PROBLEM: Take the lines of the data below from the very first through the line containing "Moulinex - cafetière" and output them exactly, pictures excluded.

THE DATA:
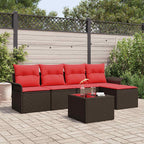 vidaXL Gartensofa-set mit Speicher 6 pcs Braun Poly-Rattan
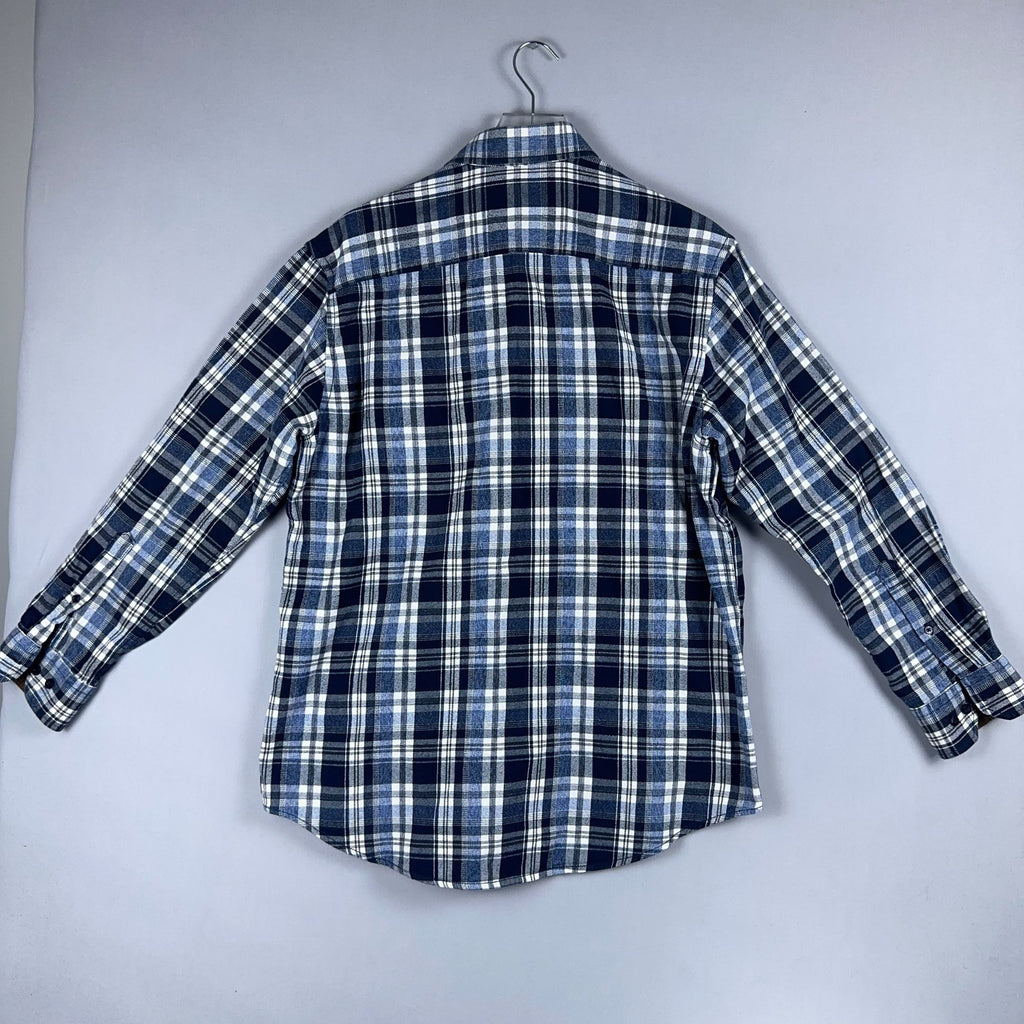 J.T. Ascott Plaid Button-Down Shirt 100% Cotton Mens Size Large Blue Regular Fit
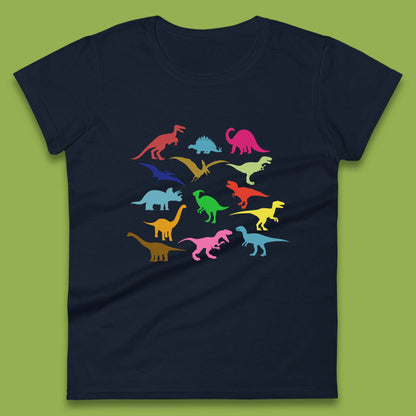Colourful Dinosaurs Dino Fossil Dinosaurs Wild Nature Prehistoric Paleontology Velociraptor Womens Tee Top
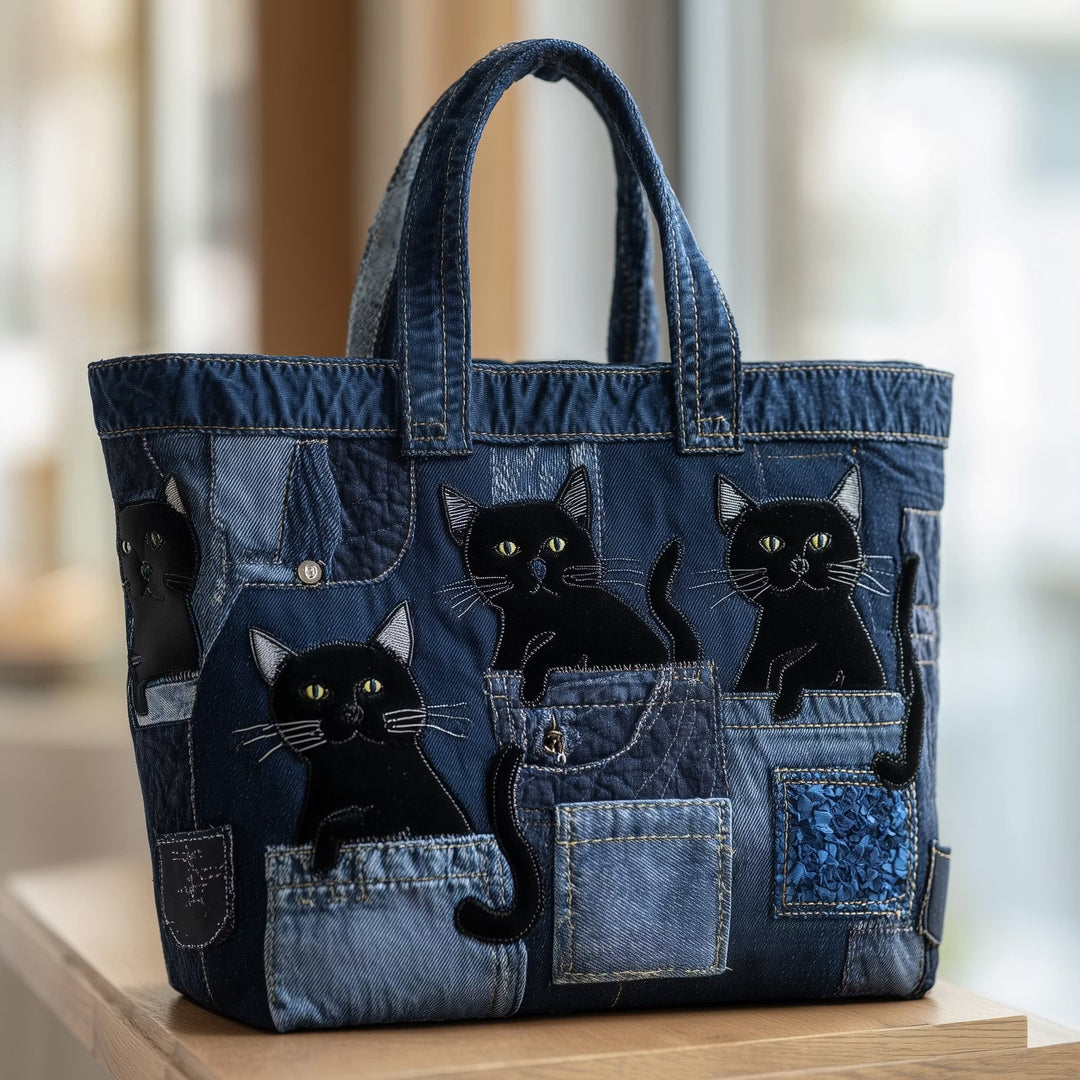 Happy Cat Quilted Tote Bag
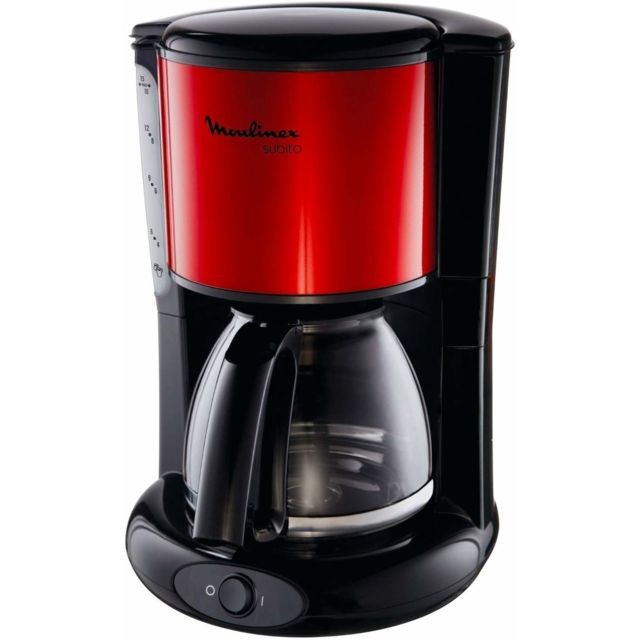 Moulinex - cafetière électrique de 1,25L pour 10 a 15 tasses 1000W rouge noir - Expresso - Cafetière Cafetière filtre
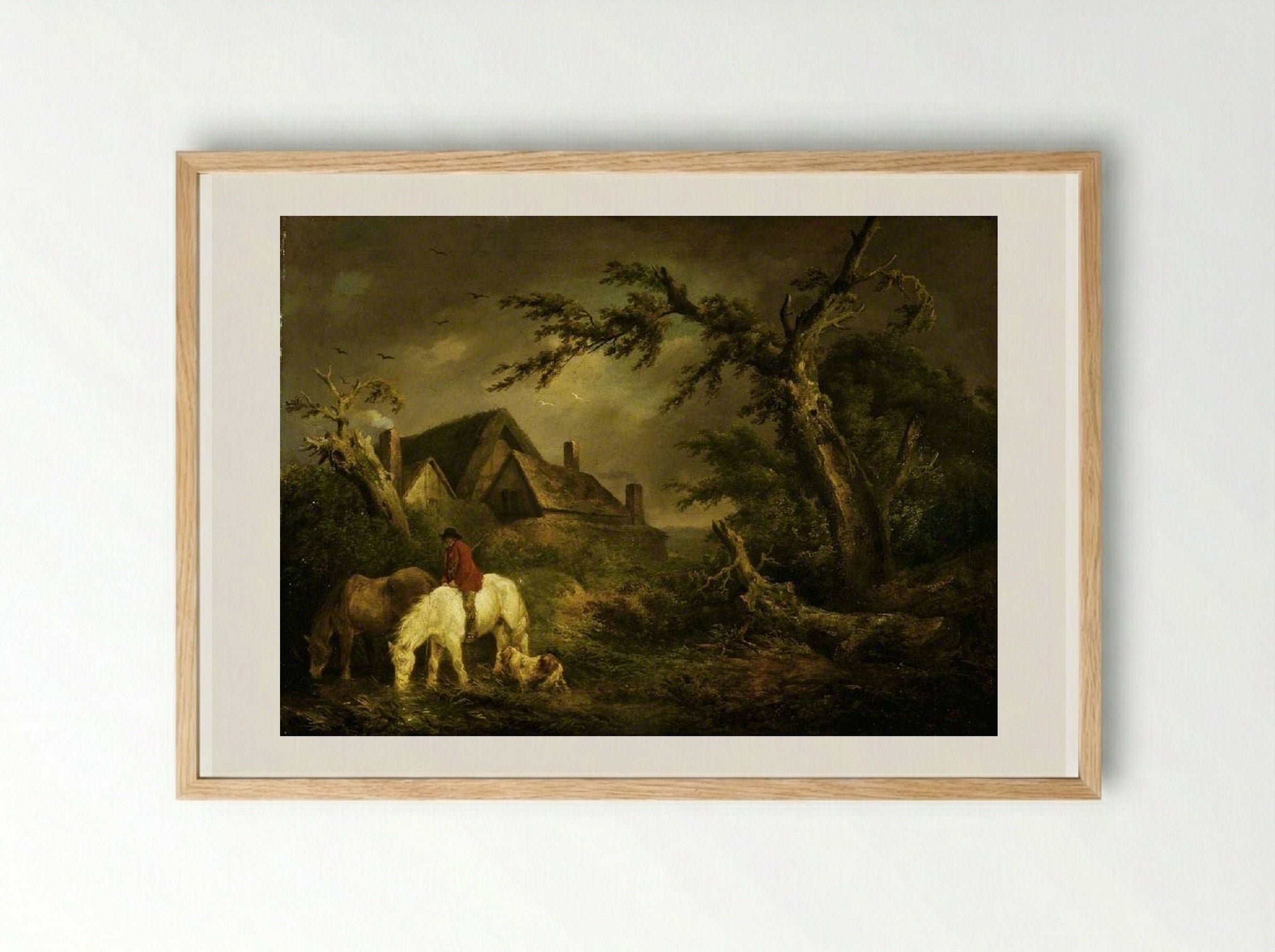 Watering Horses - George Morland - Framed Print Wood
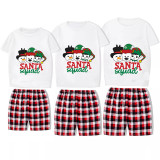 Christmas Matching Family Pajamas Santa Suad Snowman and Santa Claus White Short Pajamas Set With Baby Pajamas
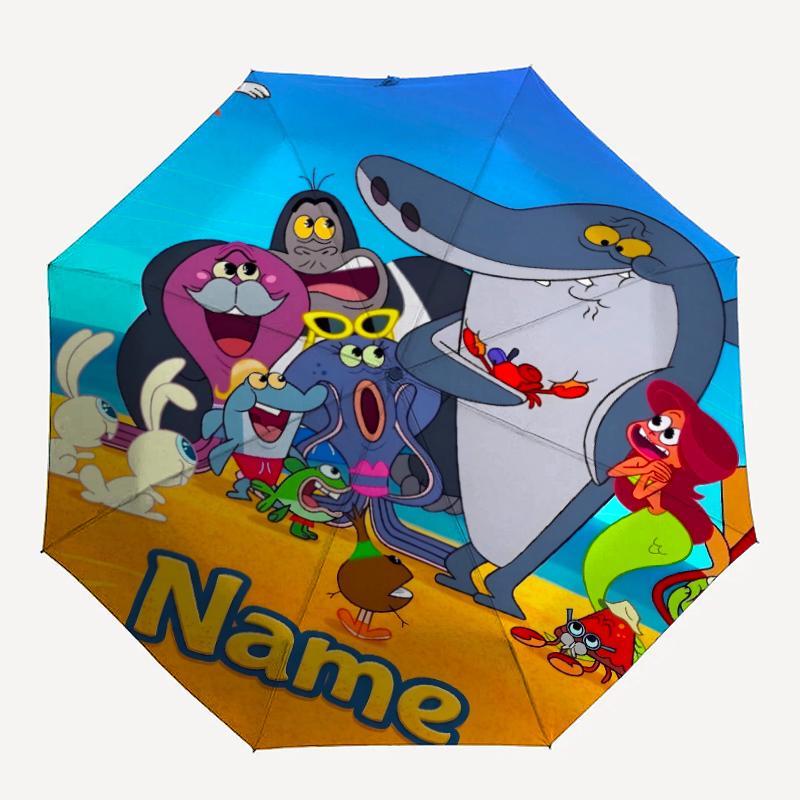 Custom Name Zig & Sharko Theme Automatic Umbrella, Lightweight & Portable, 8 Rib, Perfect for Outdoor Travel, Birthdays, Christmas, Gifts.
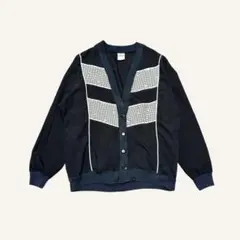 USA製 80s ヴィンテージ古着 ギンガムチェック切替カーディガン白黒 M相当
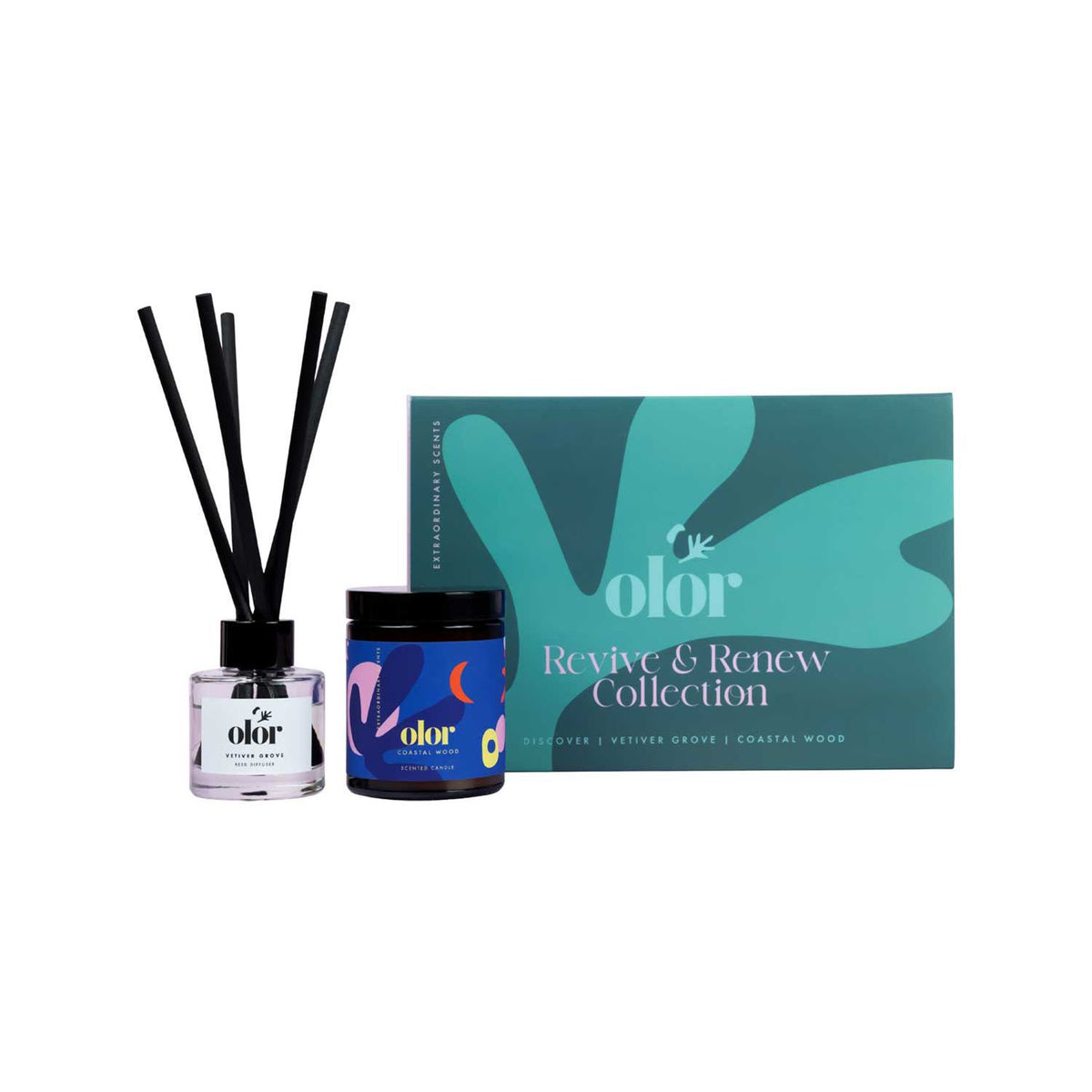 Olor Revive and Renew gift set candle and diffuser, British product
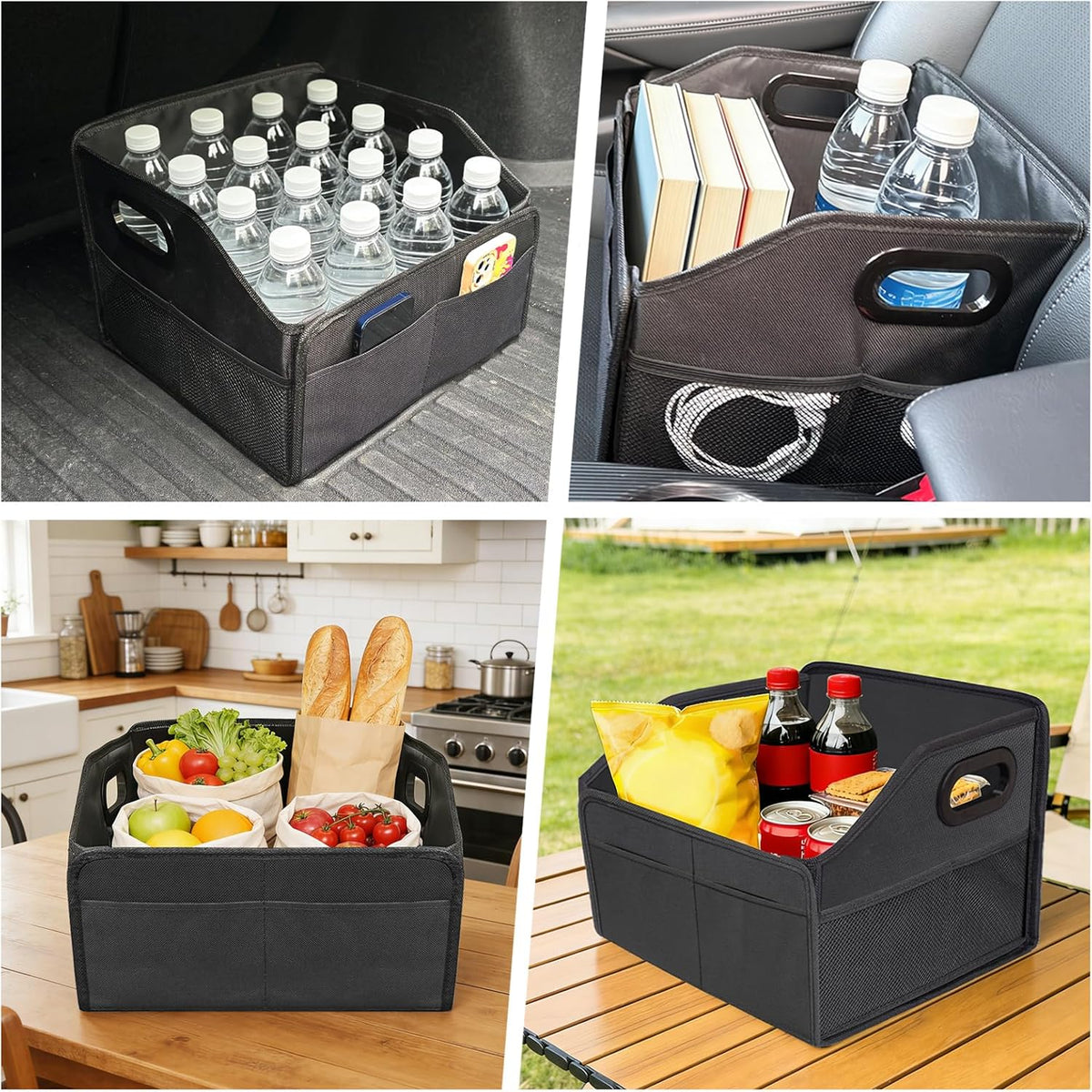 Car Seat Storage Organizer, Passenger Seat Backseat Storage Caddy, Black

WRITTEN ANSWER:
 vidaXL Gartensofa-set mit Speicher 6 pcs Braun Poly-Rattan
 J.T. Ascott Plaid Button-Down Shirt 100% Cotton Mens Size Large Blue Regular Fit
Colourful Dinosaurs Dino Fossil Dinosaurs Wild Nature Prehistoric Paleontology Velociraptor Womens Tee Top
 Happy Cat Quilted Tote Bag
 Moulinex - cafetière électrique de 1,25L pour 10 a 15 tasses 1000W rouge noir - Expresso - Cafetière Cafetière filtre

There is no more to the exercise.